>>>

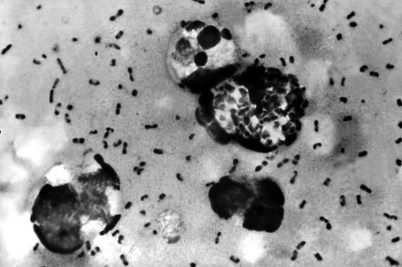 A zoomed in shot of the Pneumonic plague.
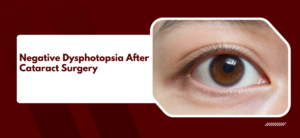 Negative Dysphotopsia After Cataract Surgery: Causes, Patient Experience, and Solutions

<<<
>>>

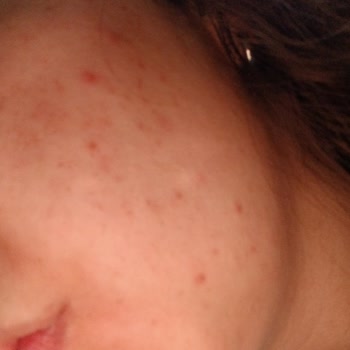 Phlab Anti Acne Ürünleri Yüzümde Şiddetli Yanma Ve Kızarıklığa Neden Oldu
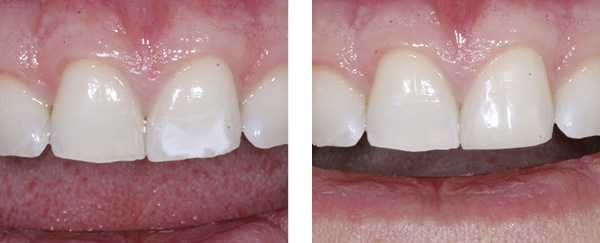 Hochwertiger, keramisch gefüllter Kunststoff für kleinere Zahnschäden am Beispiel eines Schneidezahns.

<<<
>>>

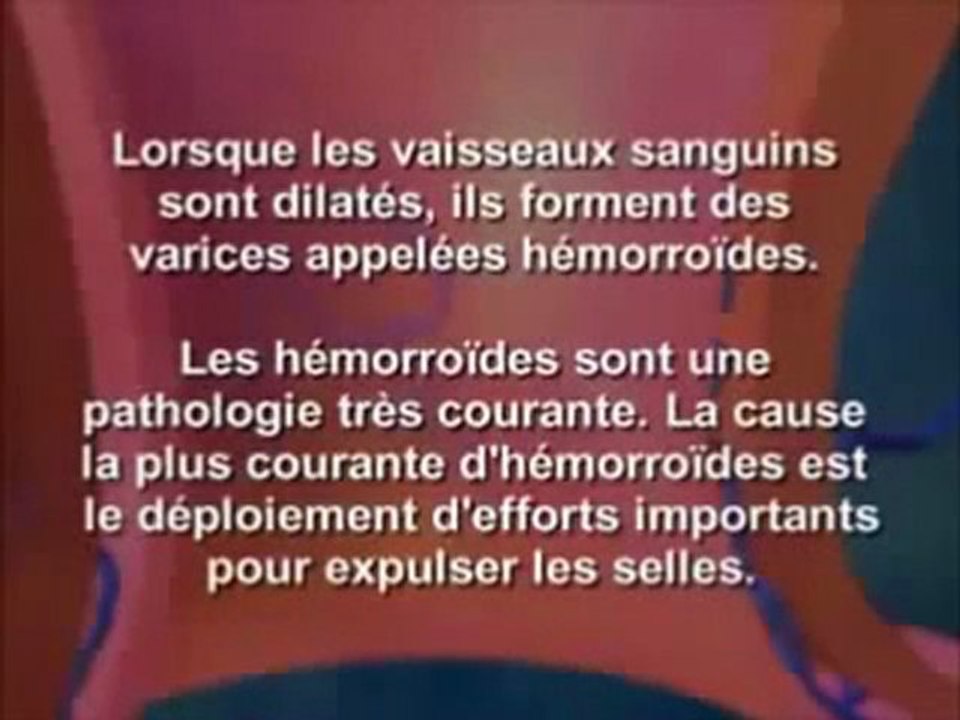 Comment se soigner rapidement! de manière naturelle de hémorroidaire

<<<

THE TASK
Everything above from the line that has "A zoomed in shot of the Pneumonic plague." down to the line that has "Negative Dysphotopsia After" should be output exactly, with both of those lines included. Leave the pictures behind.

PROBLEM SOLUTION
 A zoomed in shot of the Pneumonic plague.
 Negative Dysphotopsia After Cataract Surgery: Causes, Patient Experience, and Solutions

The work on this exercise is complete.